Wednesday, April 11, 2007

Different Strokes

Okay, a serious blog...

There's something wrong with me, or so my friends tell me. I just can't stand the idea of not having someone special in my life to call my own. They tell me I am not comfortable with myself. They tell me that in order to love someone else that I have to love myself. They tell me that I'm looking for a man to fix what is wrong with my life. They tell me these things and it hurts. Not because it's true and truth hurts, but because they don't know what goes on in my head.

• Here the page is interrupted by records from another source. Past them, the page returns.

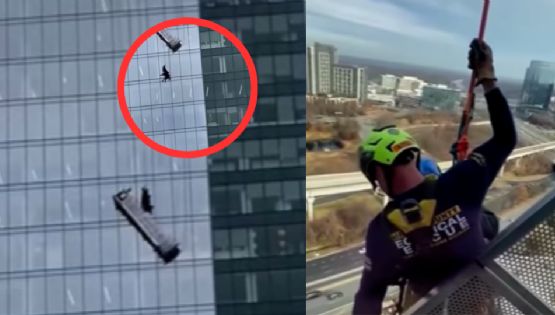 MOMENTO EXACTO en que son rescatados trabajadores que quedaron varados en rascacielos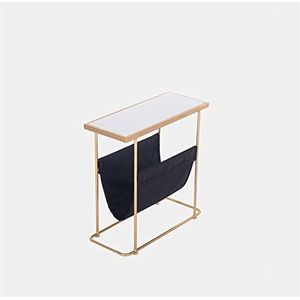 Prachtige CS-Qing-Desk 2-laags banktafel, marmeren rechthoekige salontafel multifunctionele consoletafel thuiskantoor woonkamer bank bijzettafel (afmetingen: 60 * 25 * 55CM, kleur: A)
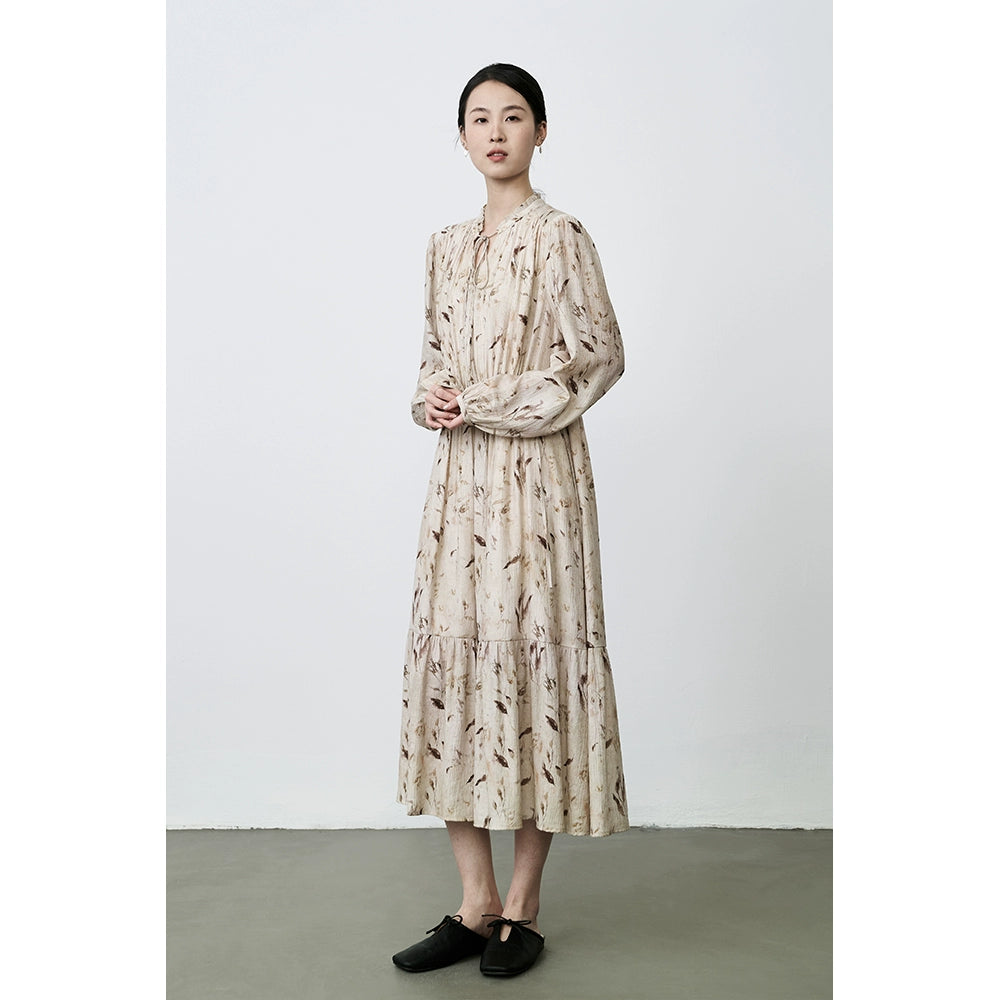 CAREMIND Vestido floral francés para mujer, largo, amarillo albaricoque, temperamento de alta gama, vestido de estilo ligero y maduro 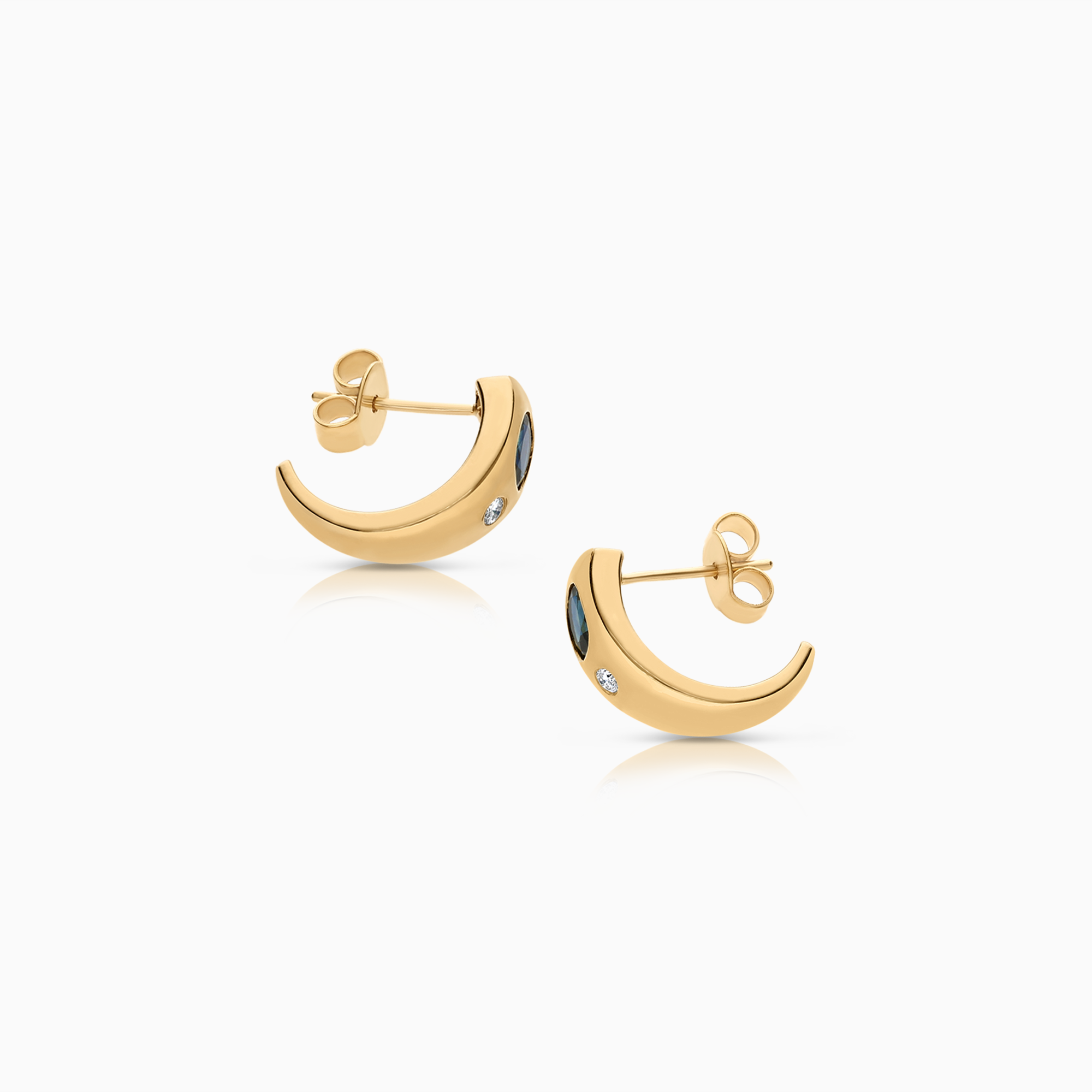 Diamantörhängen med safirer 0,06ct 18K guld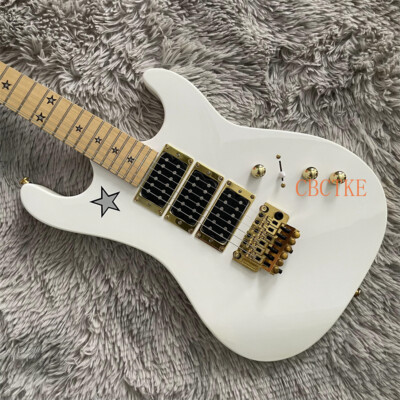 White Jersey Star ST Electric Guitar HHH Pickups Gold FR Bridge Maple Fretboard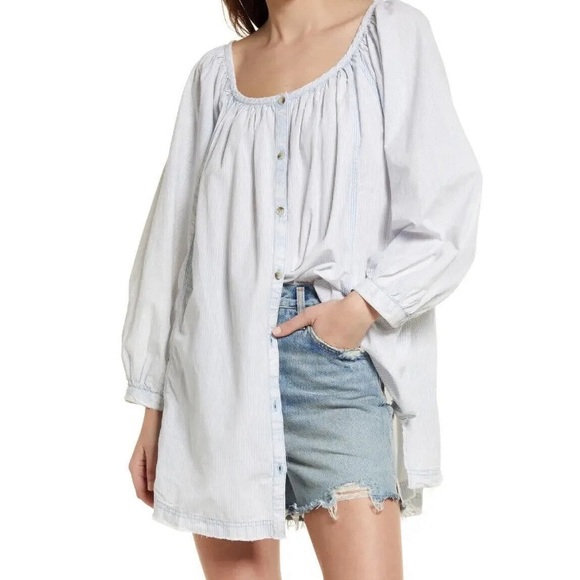 We The Free Tops - We The Free Light Blue Striped Button-Down Peasant Shirt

Ever since I was young, I was always alone. My parents worked 10 hours a day, 7 days a week and I was always stuck at home in an empty house. But being alone was preferrable to when they came home because that's when all hell broke loose. I grew up in a very abusive environment. My father was physically and mentally abusive, but I'm pretty sure my mom helped with at least some emotional scarring - although to credit her, she did protect me from the physical beatdowns from my dad when she was able to stop it. All in all, I didn't receive a lot of love growing up, and the two people I should have trusted most with my life, I trusted hardly at all.

Since I wasn't receiving the emotional nourishment I needed from my parents, I started to confide in my friends, and in that sense, my friends became my surrogate family. They acted as the catalyst for my emotional support system and served as an outlet for all the love I had to give. But eventually, even that would give way to that fateful day on the first day of my senior year of high school when all of that suddenly changed.

I started to not be able to share all that was going on in my life. My friends simply couldn't relate (and for good reason) I started to feel ostracized - different, and I felt like no one could possibly understand me. And so I hid from that uncomfortable feeling, and pretended nothing was wrong, even to the point that I was lying everyday to the people who I seemed closest to.

The only people I could really be myself with were my boyfriends. No matter what, I always felt like I could let my hair down and be real and connect with them. That's why sometimes, I pick bad men. It's not that I don't know they are not ideal for me. It's just that I can find real solace in our connection when we're together - even if sometimes, it is purely sexual. The safety, security, and warmth I feel when I'm with someone I can be emotionally open with is absolutely priceless to me. It seems to be my only outlet of that caliber besides blogging - and even here, I feel as if I'm always acting.

So, I guess that is why I can't be alone. That is why I am always looking for someone to be in my life and take that role as my confidante, my best friend. That is why I find it so hard to let go of those people who have assumed that role in my life, even if their presence in my life is somewhat fatalistic to my endeavors. Because those select few are the only ones I have trusted with my emotions, my safety, my heart, and my well-being. And when one of them has fallen short, I try not to lose hope of his rehabilitation or of finding someone else to fill his shoes, because losing hope would mean alienating myself from the world and slowly, ever so slowly, falling deeper and deeper into a depression I might not have the ability to get out of by myself.

So you see, what they say about me is wrong. They see how I act and make their judgments on how they see reason and logic, but I'm just playing with a whole new deck of cards. Maybe no one will ever understand me - not at the core. But I can always hope. And even though, with my talents, intelligence, success, and perseverance, I can stand quite well on my own two feet, doing so without a companion to share in those things makes life shallow and pointless. Without someone you can really "come home to", life is just a 24/7 grind of superficiality, money, and sex - I'm determined to rise above it.

1 comment:

Daniel said...

Very brave of you to share. It's unfortunate that you couldn't receive any emotional nourishment from your parents & past friends. And it certainly makes sense why you would "cling" to questionable men. But while you couldn't pick your parents, you can handpick the men you seek emotional support from. And I think you need to remain that position of power with your relationships. Don't just open up to any b/f until they prove that they are worthy of you.